Having just explained the distinction between strong and weak verbs [5], take a look again at the verb to say. Is it strong or weak? Well, it’s so weak I’m surprised it hasn’t locked itself in a bathroom for fear of being hassled by to begin and to go! All that happens is that a /d/ sound gets added to the base form of /seɪ/, and the vowel changes ever-so-slightly by getting a tad shorter to leave /sɛd/. It’s technically from an Old English Class 3 weak verb that began life as secgan, meaning “to say,” and now has the pitiful pair of say/said left.

Number two on the list of irregulars, to make, is really pretty similar to to say, and so we should skip hastily on to the much more interesting to go, which has the disarmingly bizarre went as one of its forms. Why not, indeed, *goed?

Well, Old English did, in fact, have a *goedeode. But there was also another verb around in the 5th century that meant “to wander around or go slowly,” and that was wendan. You still hear people talk about “wending their way around” but other than that, the word wend is pretty rare. So between Old English and Middle English (that’s between the 5th and 15th centuries) the word oede got pushed out by wend, the past tense of wendan, and the devoicing of that final /d/ sound to a /t/ gave us the now-familiar went. For those who are geekily curious, this is called suppletion in the world of historical linguistics, and it’s where one word is used as the inflected form of another, but where both words come from different origins. Ever wonder why things go from bad to worse – or worst? Suppletion. Or why things go from good to better and best? Suppletion. Hey, it’s not just a verb thing!

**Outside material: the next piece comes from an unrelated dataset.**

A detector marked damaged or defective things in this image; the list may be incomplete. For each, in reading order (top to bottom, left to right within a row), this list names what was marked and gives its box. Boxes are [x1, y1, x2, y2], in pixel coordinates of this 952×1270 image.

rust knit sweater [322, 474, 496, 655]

Before I wind up this work and wend my weary way to bed, there’s one other question that might still be nagging at you; why is it these particular irregulars that are irregular and not others? Why say, and make, and go, and come, and take, and see…? It’s because of their frequency! When we started shifting from using those many different types of strong/weak verbs in Old English to the more relaxed syntax of “+s,” “+ing,” and “+ed,” the words that were used most  often had a built-in inertia – a resistance to change. We very easily – and perhaps it’s better to say unconsciously – take new verbs like tweet and twerk and add those three endings to them, but if we wanted to change went to goed [6] or see to seed, we’d have a harder time because it just sounds so wrong! So although we know that many new words are coined and used every day, there’s a core of  thousands of other words that are protected from change by a lexical inertia that anchors them firmly into our language and presents a formidable resistance to change.

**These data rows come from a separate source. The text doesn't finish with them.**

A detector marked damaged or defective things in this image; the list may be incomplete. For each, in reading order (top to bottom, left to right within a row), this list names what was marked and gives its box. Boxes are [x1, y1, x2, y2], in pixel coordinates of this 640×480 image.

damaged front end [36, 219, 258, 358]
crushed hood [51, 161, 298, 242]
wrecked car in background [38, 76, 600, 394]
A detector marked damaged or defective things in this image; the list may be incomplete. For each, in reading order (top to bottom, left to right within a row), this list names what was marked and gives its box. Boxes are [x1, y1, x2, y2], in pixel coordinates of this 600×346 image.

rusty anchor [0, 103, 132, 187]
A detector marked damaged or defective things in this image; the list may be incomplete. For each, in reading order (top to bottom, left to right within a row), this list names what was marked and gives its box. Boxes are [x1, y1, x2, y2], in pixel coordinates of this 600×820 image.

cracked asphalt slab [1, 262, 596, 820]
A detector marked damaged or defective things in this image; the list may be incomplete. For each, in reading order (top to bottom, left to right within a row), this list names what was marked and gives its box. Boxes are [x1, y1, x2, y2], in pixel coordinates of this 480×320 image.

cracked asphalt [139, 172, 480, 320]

So next time you’re focusing on teaching the irregulars, just remember that you’re also providing a small but fascinating lesson on the history of the English language!

Notes
[1] Grabowski, Eva & Mindt, Dieter (1995. “A corpus-based learning list of irregular verbs in English.” ICAME Journal 19, 5-22.

[2] Francis, W. Nelson, Kucera, Henry, & Mackie, Andrew W. (1982). Frequency analysis of English usage : lexicon and grammar. Boston: Houghton Mifflin.

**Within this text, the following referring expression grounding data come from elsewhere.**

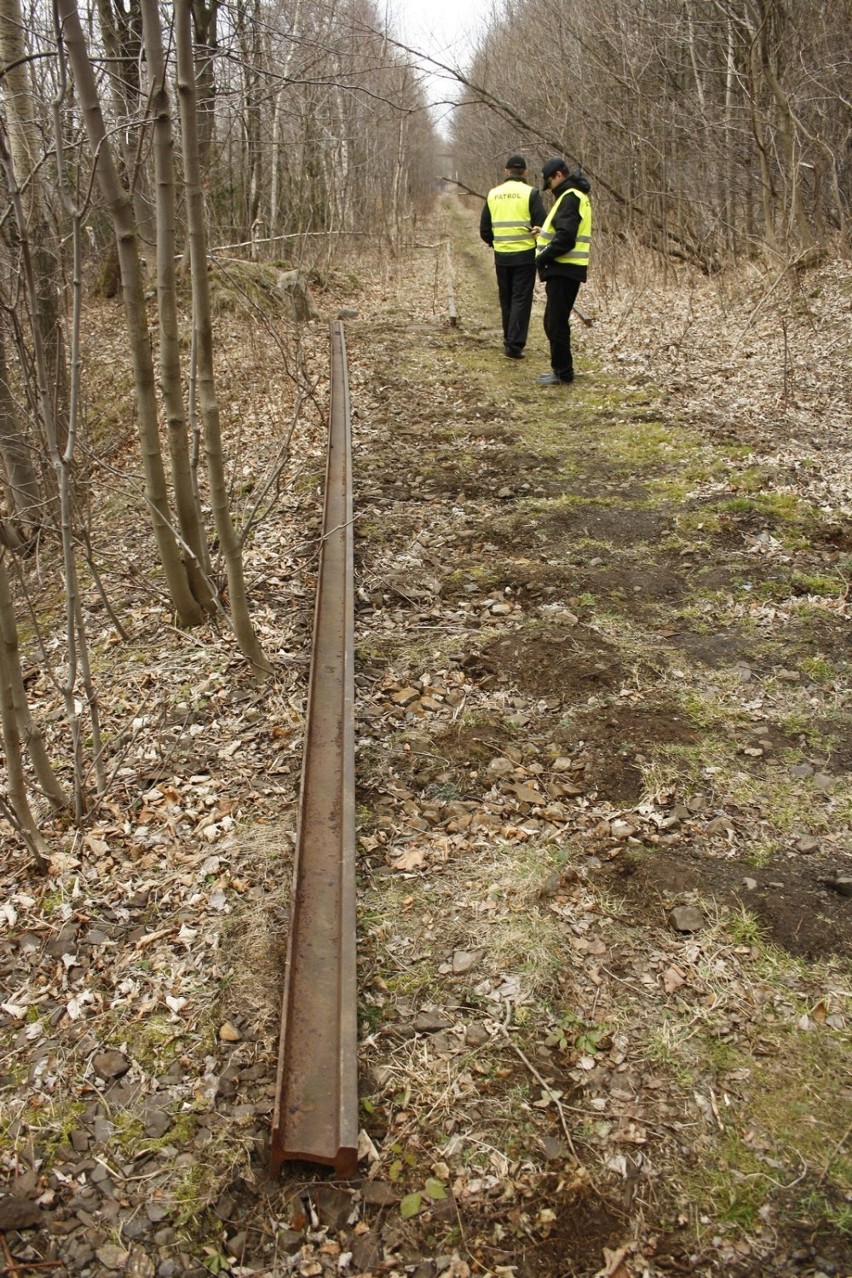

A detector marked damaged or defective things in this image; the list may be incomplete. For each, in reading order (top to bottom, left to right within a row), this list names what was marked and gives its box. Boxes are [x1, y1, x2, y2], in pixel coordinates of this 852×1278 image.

rusty steel rail [270, 320, 356, 1184] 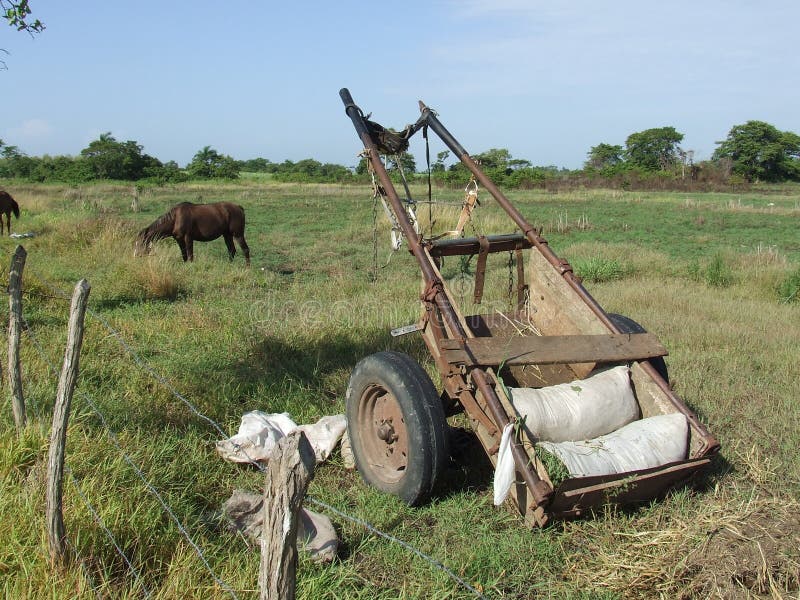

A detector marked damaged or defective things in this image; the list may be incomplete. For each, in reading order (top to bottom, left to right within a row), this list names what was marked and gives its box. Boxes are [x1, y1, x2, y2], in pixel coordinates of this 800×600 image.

rusty metal cart [340, 88, 720, 524]
torn white fabric [217, 410, 346, 466]
torn white fabric [494, 422, 520, 506]
torn white fabric [510, 364, 640, 442]
torn white fabric [536, 412, 688, 478]
torn white fabric [222, 488, 338, 564]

[3] Hofland, Knut, & Johannson, Stig (1982). Word frequencies in British and American English. The Norwegian Computing Center for the Humanities, Bergen, Norway: Longman.

[4] Using vowel variation as a form of morphology is called ablaut. It’s from the German prefix ab- meaning “out of” or “away from” and laut meaning “sound.” So it refers to that notion of taking a sound away and replacing it with another.

[5] In today’s era of political correctness with the insistence on not hurting anyone’s feelings – ever, I can see the day coming when there will be pressure to re-define strong and weak verbs as robust versus relaxed. In that way, verbs like to chant and to hum no longer have to feel threatened by to sing.

[6] As every parent knows, kids will, in fact, quite happily “regularize” irregular forms when they are learning to talk. It is not unusual for kids to actually use irregular forms like went before they use regular, but erroneous, forms like goed. This overregularization is, in a sense, a good thing because it shows that a kiddo is learning to apply the more common rules of morphology – even if the words are technically wrong.

Errata
Thanks to eagle-eyed reader Mark Durham, we made a couple of corrections to the original text on 5/14/15; n two instances. we originally published tweak and here instead of twerk and hear. Both of these illustrate that relying solely on the built-in WordPress spell checker has some risks. It is, of course, better than not using it at all, but because both tweak and here are “good” words, the spell checker happily leaves them alone. So the teachable moment is “treat your spell checker as a friend who offers suggestions but not necessarily all the answers.”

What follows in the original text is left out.